_What needs to be done_. Each entry below must be repeated exactly. Leave the pictures out of it.

_Supplied records_.
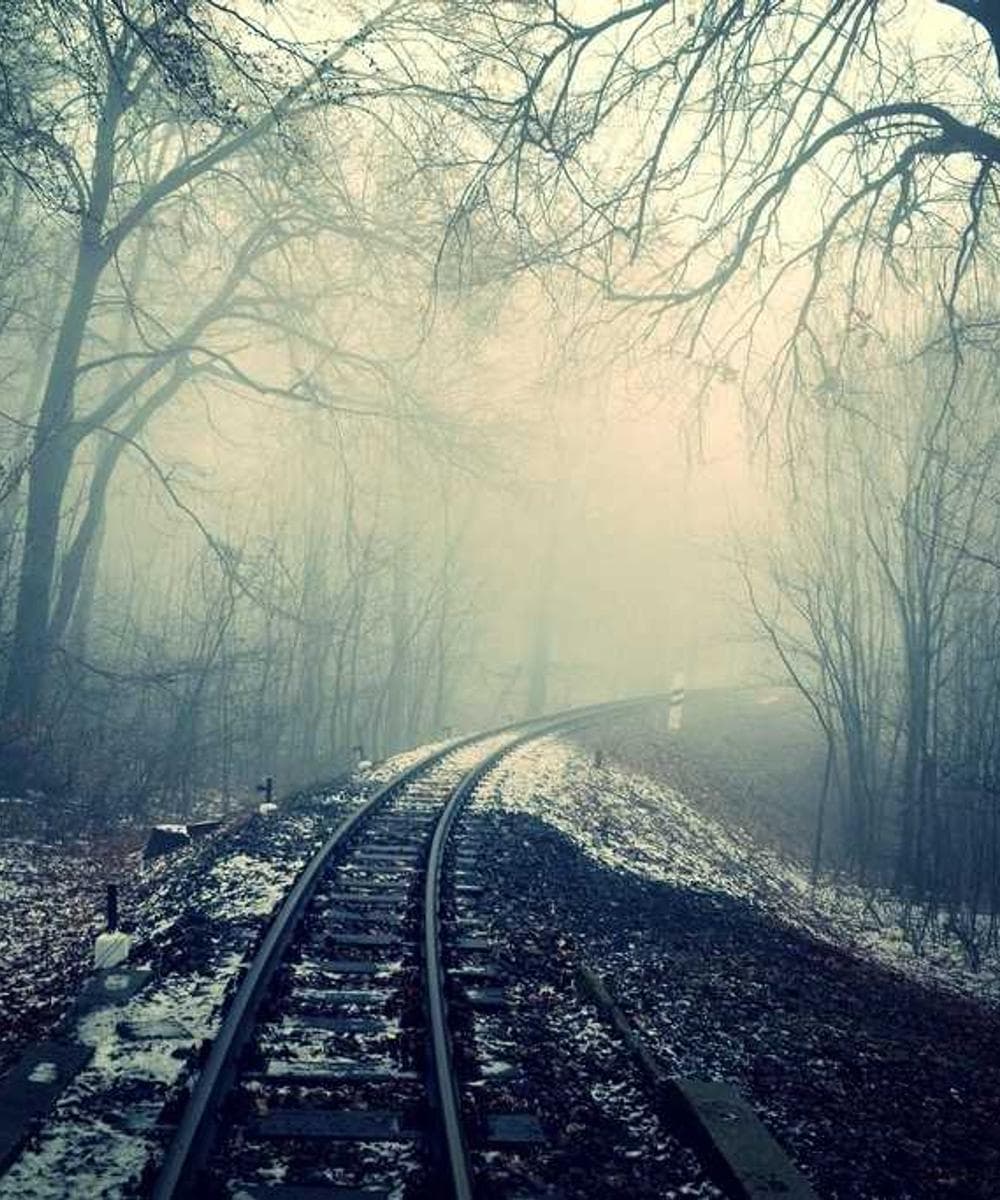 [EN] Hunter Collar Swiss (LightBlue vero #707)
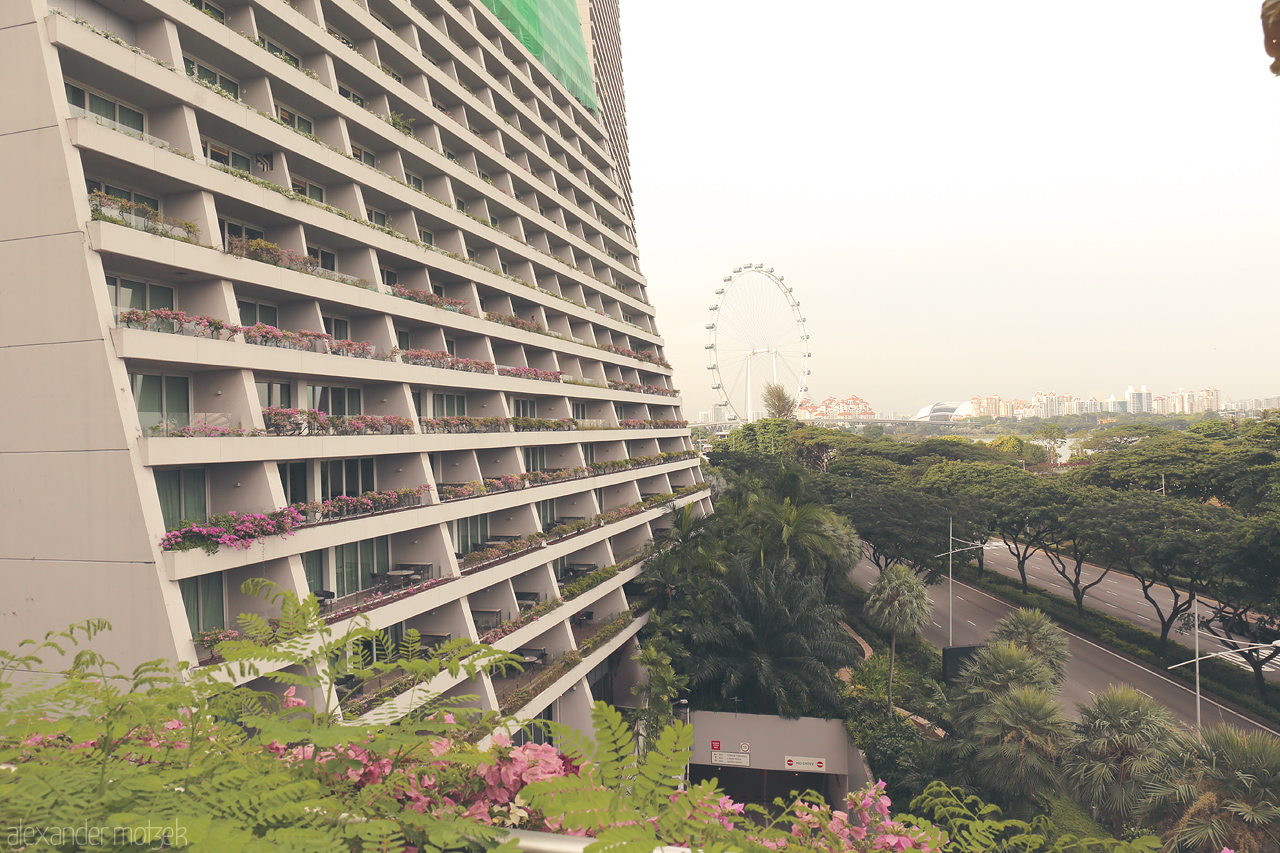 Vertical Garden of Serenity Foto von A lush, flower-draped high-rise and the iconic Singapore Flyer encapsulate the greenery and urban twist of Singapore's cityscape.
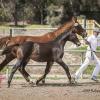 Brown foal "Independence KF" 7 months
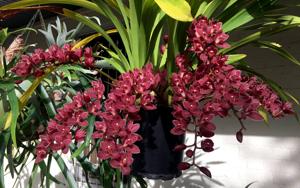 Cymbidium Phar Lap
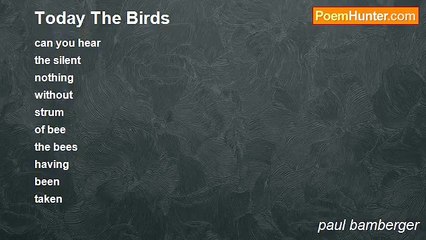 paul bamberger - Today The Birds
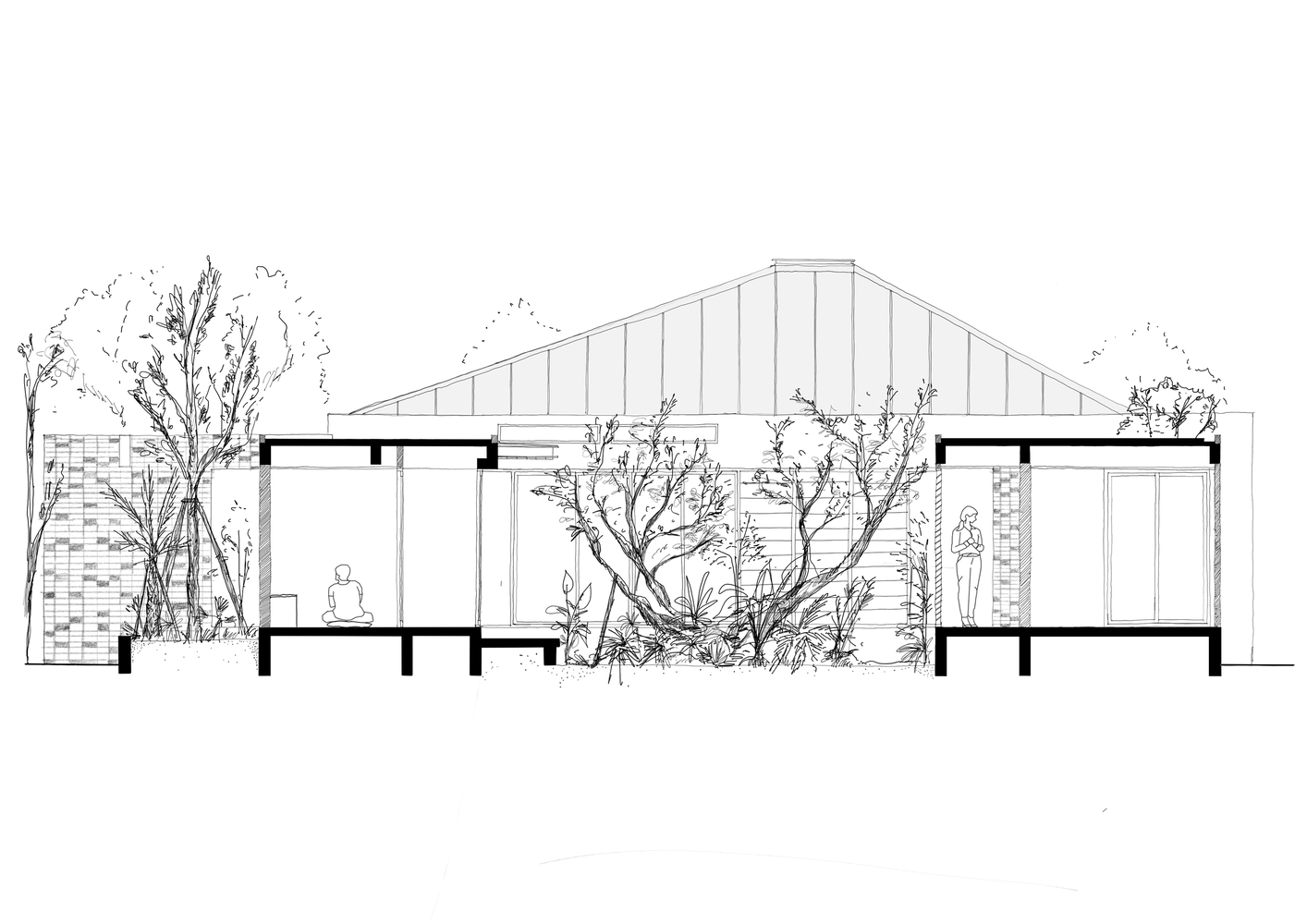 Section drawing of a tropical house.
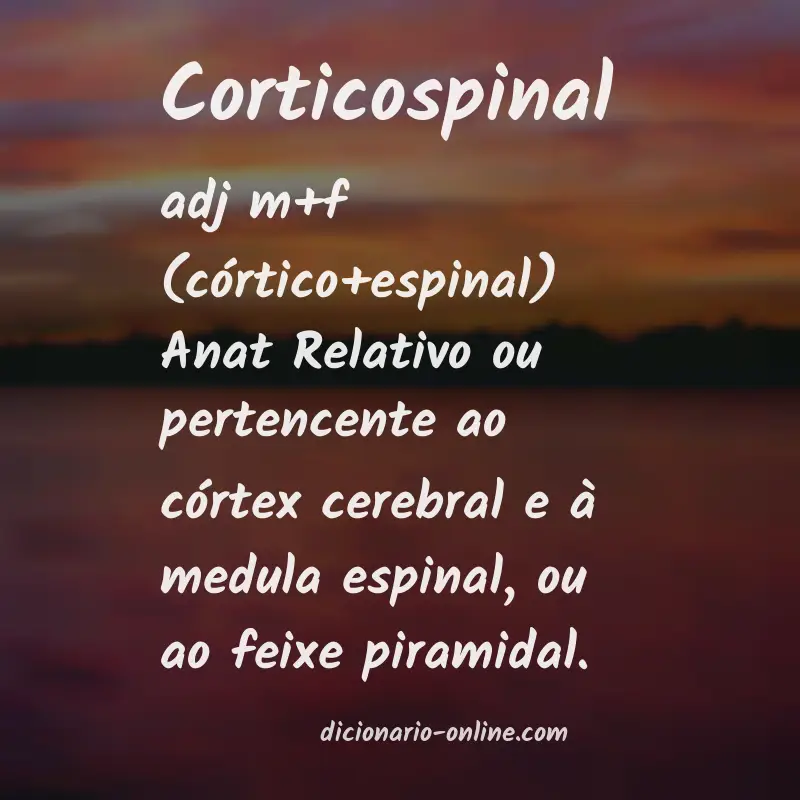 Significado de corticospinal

_Task result_.
 [EN] Hunter Collar Swiss (LightBlue vero #707)
 Vertical Garden of Serenity Foto von A lush, flower-draped high-rise and the iconic Singapore Flyer encapsulate the greenery and urban twist of Singapore's cityscape.
 Brown foal "Independence KF" 7 months
 Cymbidium Phar Lap
 paul bamberger - Today The Birds
 Section drawing of a tropical house.
 Significado de corticospinal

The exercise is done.